Ever scoured a hawker center, wait by a table like a vulture for other customers to finish their food? Ever walked in circles in the library, hoping to find a vacant seat? We have, and we hated it. We built this solution to allow everyone to find vacant seats easily.
What it does
This solution consists of sensors that monitor seat occupancy statuses and transmitting the data to a server.
Users (seat-finders) can visit a website to find out the current state of the seats, and triangulate the closest vacant seat. As the front-end is built with React, the UI appears nicely on mobile, which the users are most likely using.
Stakeholders (owners of the seats) can use seat vacancy data to study the behavior of the users, and also to decide if he needs more or less seats. The vacancy state of the seats is polled regularly, and stored into an online database. We even implemented an admin page which displays the graph of occupancy rates for the past 24 hours.
How we built it
Hardware (sensors) - A camera is attached to a Raspberry-Pi (Python), which periodically processes (opencv) the captured images and updates the server wirelessly via a HTTP request through an API endpoint.
Backend Server - The node.js server is connected to all clients via socket.io, such that it can then immediately push the updated data to the clients, removing the need for them to continuously refresh their browser for the latest updates.
Database - Every few minutes, the server stores the current states of the seats into an online database (MongoDB) - allowing us to poll the data and plot a chart of the occupancy rate for the stakeholders to study.
Front-End - Built on React, this allows us to update elements on the user's screen quickly and easily, and also have responsive behavior for all view sizes, whether on web or mobile.
Challenges we ran into
Initially, we wanted two different types of sensors - thermal (Arduino) and vision (Raspberry-Pi). However, we failed to secure a reliable wireless communications module for the Arduino, preventing us from utilizing it. Computer Vision with the Raspberry-Pi was an equally challenging task!

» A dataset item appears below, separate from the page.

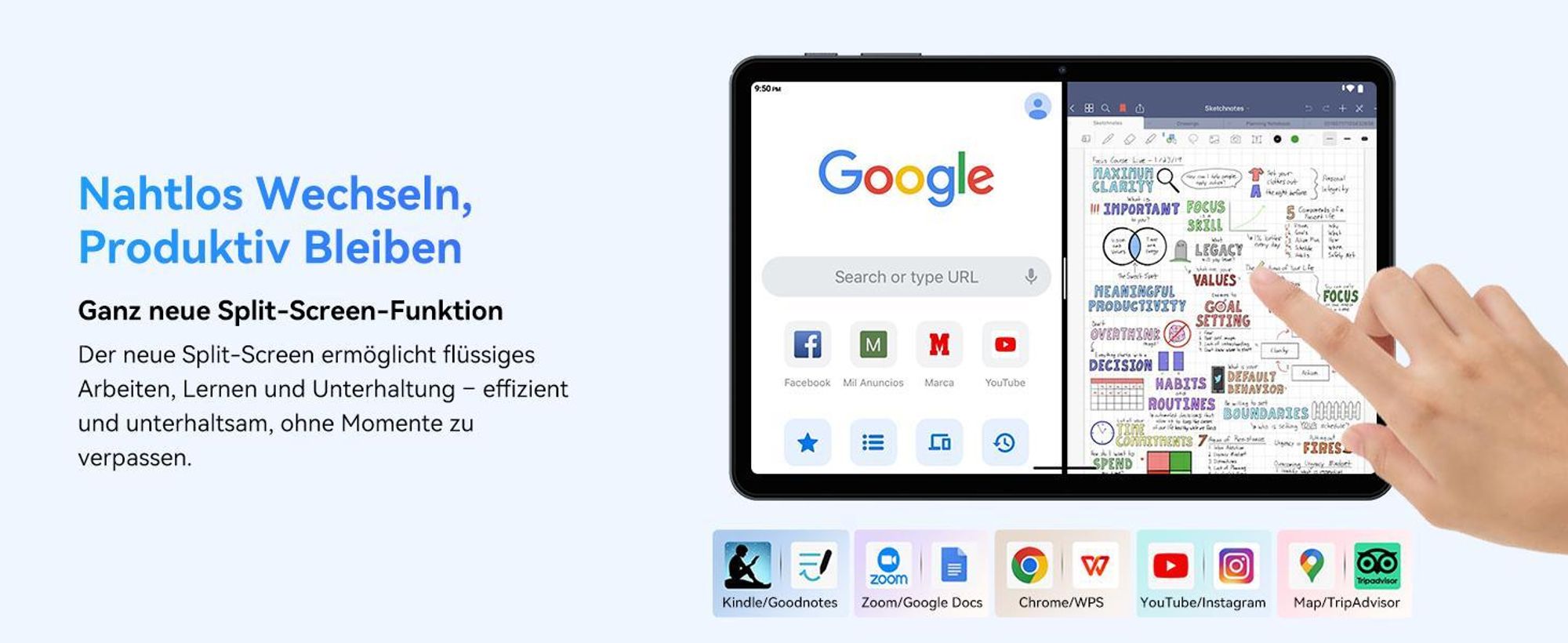 TABWEE T80 mit Stylus-Pen/Tastatur, 10.1 Zoll,Android 16, 64GB ROM, 1280 x 800 pixel, 6000mAh Akku, 5MP Kamera, 5G WiFi, Bluetooth, Gemini AI Tablet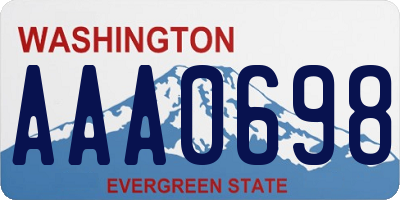 WA license plate AAA0698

Accomplishments that we're proud of
Firstly, having the patience to download the OS and dependencies for the Raspberry-Pi. This process took way longer than expected.
Secondly, implementing a solution that consisted of both web development and hardware integrations - the mark of real Computer Engineers!
What I learned
Download libraries and dependencies before a hackathon...
What's next for SeatSpy
Implement the seat detection via machine learning, and train it to more accurately detect vacant seats. We would also like to group the seats together, which is important for the hawker center context (strangers don't usually share the same table).